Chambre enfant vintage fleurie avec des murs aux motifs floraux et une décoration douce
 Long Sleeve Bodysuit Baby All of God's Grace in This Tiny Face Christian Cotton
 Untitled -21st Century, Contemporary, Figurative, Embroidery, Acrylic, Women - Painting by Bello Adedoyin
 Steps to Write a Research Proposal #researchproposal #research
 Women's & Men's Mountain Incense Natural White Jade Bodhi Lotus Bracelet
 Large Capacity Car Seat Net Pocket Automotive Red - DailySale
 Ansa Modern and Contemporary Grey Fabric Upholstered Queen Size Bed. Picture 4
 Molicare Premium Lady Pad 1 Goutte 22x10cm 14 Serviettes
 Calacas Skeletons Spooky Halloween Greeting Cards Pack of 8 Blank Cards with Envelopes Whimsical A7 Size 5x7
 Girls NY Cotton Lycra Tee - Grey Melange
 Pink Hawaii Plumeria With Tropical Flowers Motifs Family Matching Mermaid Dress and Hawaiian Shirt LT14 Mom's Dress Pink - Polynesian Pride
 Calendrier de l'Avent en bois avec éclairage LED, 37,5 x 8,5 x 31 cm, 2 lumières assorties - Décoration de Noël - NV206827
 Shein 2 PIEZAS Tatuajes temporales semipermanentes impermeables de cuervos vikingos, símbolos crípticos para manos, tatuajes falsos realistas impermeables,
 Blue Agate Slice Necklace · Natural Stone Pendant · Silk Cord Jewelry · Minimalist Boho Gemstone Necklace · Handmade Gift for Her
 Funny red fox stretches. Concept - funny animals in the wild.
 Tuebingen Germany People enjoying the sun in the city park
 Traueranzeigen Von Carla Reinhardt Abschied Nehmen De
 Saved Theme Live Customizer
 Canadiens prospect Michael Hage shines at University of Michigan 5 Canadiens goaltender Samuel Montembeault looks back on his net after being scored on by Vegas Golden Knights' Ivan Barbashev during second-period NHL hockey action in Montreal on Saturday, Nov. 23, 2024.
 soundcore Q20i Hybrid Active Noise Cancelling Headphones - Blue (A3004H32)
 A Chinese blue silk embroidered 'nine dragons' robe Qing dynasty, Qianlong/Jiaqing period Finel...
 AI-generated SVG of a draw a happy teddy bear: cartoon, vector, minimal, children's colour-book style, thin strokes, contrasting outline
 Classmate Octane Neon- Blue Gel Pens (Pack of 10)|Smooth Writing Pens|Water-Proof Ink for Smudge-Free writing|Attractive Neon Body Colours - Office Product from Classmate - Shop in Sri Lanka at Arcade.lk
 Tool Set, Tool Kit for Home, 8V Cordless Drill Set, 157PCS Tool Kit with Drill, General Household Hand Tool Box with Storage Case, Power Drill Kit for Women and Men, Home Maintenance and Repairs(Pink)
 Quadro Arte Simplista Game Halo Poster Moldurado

#####

TASK DESCRIPTION: Produce a word-for-word copy of all the entries above.

SOLUTION FOR THIS TASK:
Chambre enfant vintage fleurie avec des murs aux motifs floraux et une décoration douce
 Long Sleeve Bodysuit Baby All of God's Grace in This Tiny Face Christian Cotton
 Untitled -21st Century, Contemporary, Figurative, Embroidery, Acrylic, Women - Painting by Bello Adedoyin
 Steps to Write a Research Proposal #researchproposal #research
 Women's & Men's Mountain Incense Natural White Jade Bodhi Lotus Bracelet
 Large Capacity Car Seat Net Pocket Automotive Red - DailySale
 Ansa Modern and Contemporary Grey Fabric Upholstered Queen Size Bed. Picture 4
 Molicare Premium Lady Pad 1 Goutte 22x10cm 14 Serviettes
 Calacas Skeletons Spooky Halloween Greeting Cards Pack of 8 Blank Cards with Envelopes Whimsical A7 Size 5x7
 Girls NY Cotton Lycra Tee - Grey Melange
 Pink Hawaii Plumeria With Tropical Flowers Motifs Family Matching Mermaid Dress and Hawaiian Shirt LT14 Mom's Dress Pink - Polynesian Pride
 Calendrier de l'Avent en bois avec éclairage LED, 37,5 x 8,5 x 31 cm, 2 lumières assorties - Décoration de Noël - NV206827
 Shein 2 PIEZAS Tatuajes temporales semipermanentes impermeables de cuervos vikingos, símbolos crípticos para manos, tatuajes falsos realistas impermeables,
 Blue Agate Slice Necklace · Natural Stone Pendant · Silk Cord Jewelry · Minimalist Boho Gemstone Necklace · Handmade Gift for Her
 Funny red fox stretches. Concept - funny animals in the wild.
 Tuebingen Germany People enjoying the sun in the city park
 Traueranzeigen Von Carla Reinhardt Abschied Nehmen De
 Saved Theme Live Customizer
 Canadiens prospect Michael Hage shines at University of Michigan 5 Canadiens goaltender Samuel Montembeault looks back on his net after being scored on by Vegas Golden Knights' Ivan Barbashev during second-period NHL hockey action in Montreal on Saturday, Nov. 23, 2024.
 soundcore Q20i Hybrid Active Noise Cancelling Headphones - Blue (A3004H32)
 A Chinese blue silk embroidered 'nine dragons' robe Qing dynasty, Qianlong/Jiaqing period Finel...
 AI-generated SVG of a draw a happy teddy bear: cartoon, vector, minimal, children's colour-book style, thin strokes, contrasting outline
 Classmate Octane Neon- Blue Gel Pens (Pack of 10)|Smooth Writing Pens|Water-Proof Ink for Smudge-Free writing|Attractive Neon Body Colours - Office Product from Classmate - Shop in Sri Lanka at Arcade.lk
 Tool Set, Tool Kit for Home, 8V Cordless Drill Set, 157PCS Tool Kit with Drill, General Household Hand Tool Box with Storage Case, Power Drill Kit for Women and Men, Home Maintenance and Repairs(Pink)
 Quadro Arte Simplista Game Halo Poster Moldurado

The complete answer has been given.